Snainton Woodturning Club is home to "a very active body of people in the area with like minds", according to member and former Malton School deputy headteacher Steve Fearnley.

The club, based at Snainton Woodworking Supplies in Barker’s Lane, often sees exponents of the art travel hundreds of miles to demonstrate and share their skills.

Steve, 59, who lives in Thornton-le-Dale, is one of many locals to have been gripped by woodturning, and now sells some of his work.

He said: "Shaping wood while it rotates on a lathe is different to most forms of woodwork – it is the wood that moves while the tools stay still.

"It probably started more than 3,000 years ago in Egypt, and then the Romans took it on and developed the practice further.

"Nowadays modern technological advancements have improved the tools and the lathes beyond measure, but the art of turning continues to be practised by thousands of individuals, both as a profession and as a popular hobby."

The Snainton club has three registered professionals in Sue Harker, Phil Greenwood and Dave Lowe, who give tuition, plus a host of hobbyists like Steve.

"I have always been interested in woodwork," he explained.

"I started making trophies for school and wanted to make them a little bit classier and better quality.

"I used to see the sign for the place while driving on the Scarborough road.
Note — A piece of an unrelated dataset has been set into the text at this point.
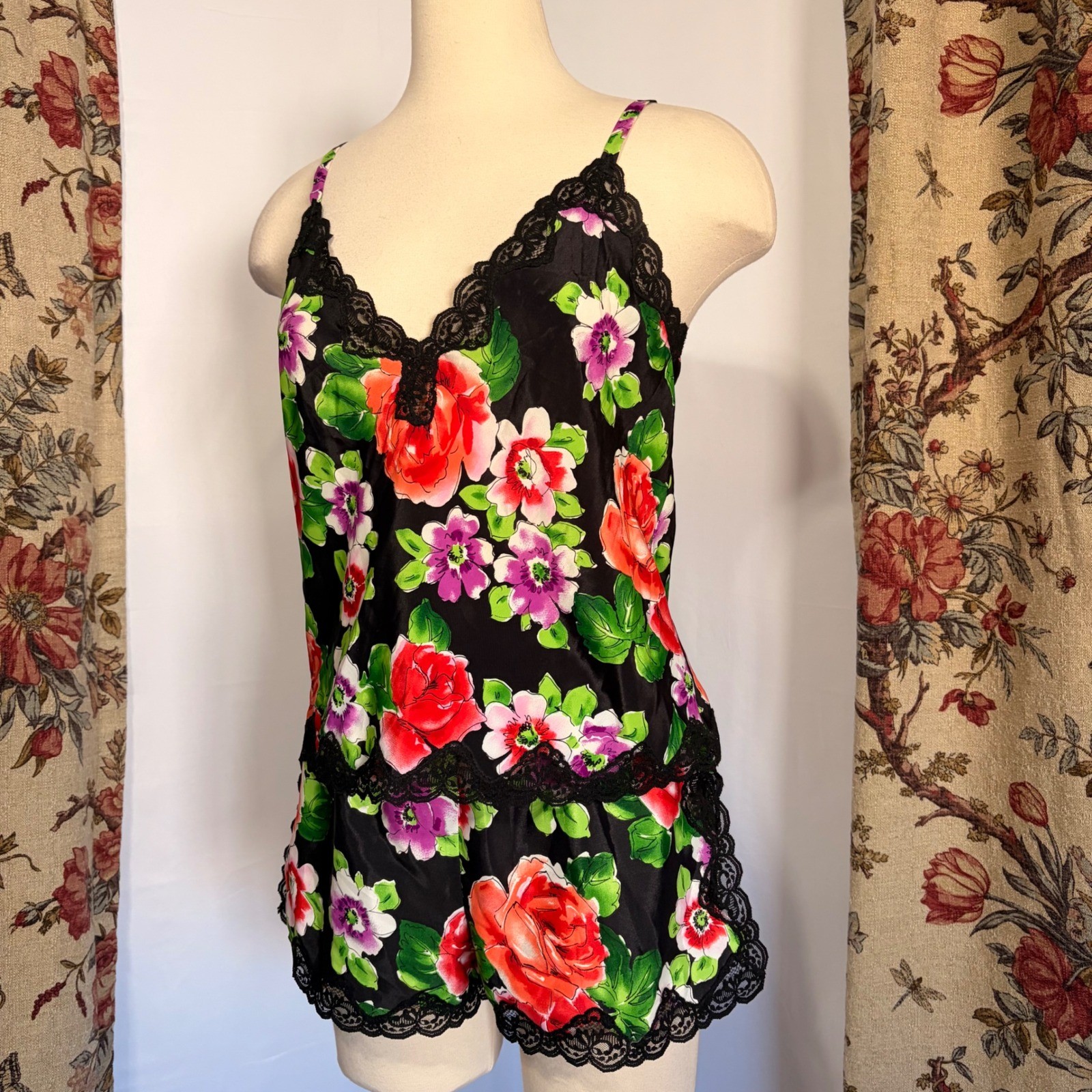 Vintage Victorias Secret Gold Label Black Floral Lace Pajama Set with Roses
One day I went down to Snainton and was amazed at how much was there.

"I ended up buying a lathe. That came with free tuition and it just snowballed from there.

"That was 2009 and I have never looked back.

"The club is known nationally. People travel all the way to Snainton just to buy wood."

Snainton Woodturning Club meets on the first Thursday of every month and encourages anyone interested to pay a visit.

"You can watch as a rough lump of wood is transformed into a piece of art in a couple of hours," said Steve.

Meanwhile, Rob Thompson, of Snainton Woodworking Supplies, is offering free tuition and/or advice every Wednesday evening from 7pm to 9pm.

Steve said: "Woodturning involves: it is so much more than making bowls and turning chair legs, often the only things that spring to mind when the topic is mentioned.

"Modern woodturners incorporate colouring, texturing, carving, burning, piercing and many other techniques to enhance the natural beauty of turned wooden objects and make items of wood art."

Steve's passion for the art has only grown in retirement.

"The attraction is being able to make things that people want," he said.

"There is such skill involved. Sue Harker, for example, does involuted turning where she turns pieces of wood inside out.

"I really enjoy pyrography, which is burning onto the wood.

"One of my favourite pieces has got my granddaughter in it."

The club is holding an open day featuring leading manufacturers and demonstrations on Saturday, October 24, from 10am to 3pm.

Entry is free for this and the next club demonstration on November 5 when Sue Harker will be making Christmas decorations.